Now that we have constructed a curve to create a customized inkjet negative it is time to put it to the test. In all likelihood, your printing process will vary from print to print from all the variables that will affect gum printing. Relying solely upon a single test for our ideal curve will probably not work well for all prints. By completing more tests we can accumulate more data as to how our negatives will print and refine our curve into an ideal and useful one for gum bichromate printing.

Refinement Stage 1

Load the image saved earlier that we had used for our initial test. The image values should still be positive and not negative.

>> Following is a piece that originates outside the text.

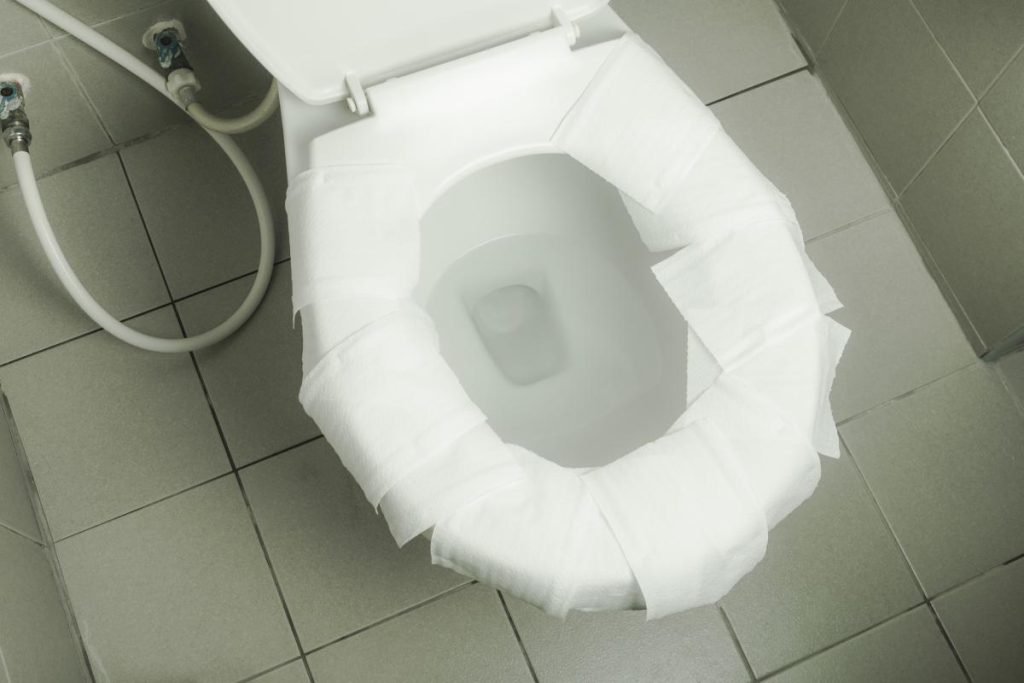 Je li bolje položiti papir na sjedalo javnog toaleta ili ga koristiti u čučnju?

Apply the curve we previously made in Photoshop by going to Image>Adjustments>Curves... selecting the curve from the preset drop down box at the top. Mine was saved as '2-4-8 NEG1 Smooth'.

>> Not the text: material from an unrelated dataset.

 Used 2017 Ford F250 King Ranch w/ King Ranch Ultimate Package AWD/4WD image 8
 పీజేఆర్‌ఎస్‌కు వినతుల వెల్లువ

In Gimp, similarly go to Colors>curves.. and select the appropriate preset.

The image and scale will become inverted according to our very specific scale. Note that the negative is much darker than the first negative we made.

Before we print this however, it is important to gather the rgb values each of our zones has become. Use the eyedropper tool and the info pallet to measure each zone and half-zone's rbg value after the '2-4-8 Neg1 Curve' has been applied. Place these numbers into a second chart in excel in place of the inverted values in the first chart, as shown here in blue.

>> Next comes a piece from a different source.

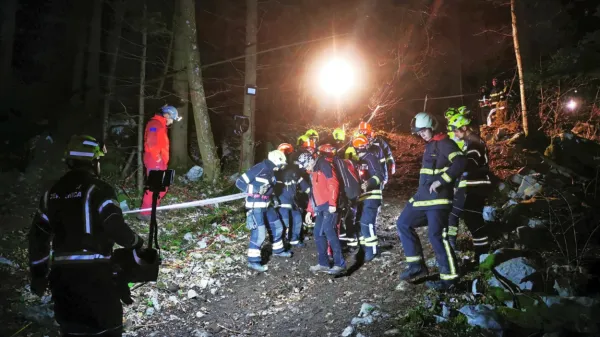 Nosila  s  poškodovano  jamarko  so  gasilci  prenesli  po  zahtevnem  
terenu  do  reševalnega  vozila.  Z njim  so jo nato  prepeljali  v 
Cerknico,  od  tam  pa  s  helikopterjem  v  ljubljanski klinični center.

After the values are recorded, print the negative. It is a good idea to use a pen or sharpie marker to label the side of the transparency with the same name as the curve that was applied, in this case, again '2-4-8 Neg1 Smooth'.

In the exact manner outlined in the last section, print a layer at your shortest time, mine was 2 minutes.

When the first layer is dry hours or a day later, print a second layer of your middle time. My time, again, was 4 minutes.

And yet again another many hours or days later print the 3rd layer at the longest time with half as much pigment (my 3rd time was 8 minutes of exposure). If you chose to use 4 layers or more continue to over print the layers.

In my first refinement print you can see it turned out my curve may have been too dark, or my print did not expose as much. In other words my curve isn't quite right yet and all of my highlights appear to be blown out into white starting around zone 6!

Data and Curve 2

As outlined in the previous tutorial, scan your print with all the settings disabled just as before. Again use the selection tool and the histogram palette to measure the rgb values of each zone from the two scales. Average the values and use the formula to compute the relative scale. My values are shown above.

Sometimes, fishy things seem to happen. In mine the brightest rgb value was 193 and the darkest was 70 (outlined in red). Use these values in the formula for the relative scale. My zones 9 and 10 seem to get darker and darker. This is probably due to a slight staining of my highlights.

Again, open any image in Photoshop or Gimp, open the curves dialogue box, and enter the new data from our 2nd print.

(note that I could not enter the data from higher than zone 8, where input is 255 and output is 12, as the measured values begin to decrease.)

To ensure that the pure whites print as dark as possible on the transparency, use the draw curve option (the pencil circled in red) and draw one little pixel where the input is 255 and the output is 0. It is tricky, but when you get it, you will see a single pixel in the bottom right corner.

Hit the smooth button only once, and save the curve with a name like '2-4-8 Neg2 smooth'.

As we had seen in this test, my highlights had printed too bright, white in fact. This meant my highlights were printing too dark in the 1st curve. In this second curve we can see in the circled area of the curve the highlights have been brightened a bit in the negative. I call this little bump in the curve the 'safety catch' of the curve. If you do not get a bump in your curve I would advise printing with shorter exposure times and starting these tests over, although this is not absolutely essential.

Having the 'safety catch' on the curve will allow us to print longer than our highest exposure time if we ever wish to and not worry about over exposing our brightest highlights. The highlights are safe, in other words.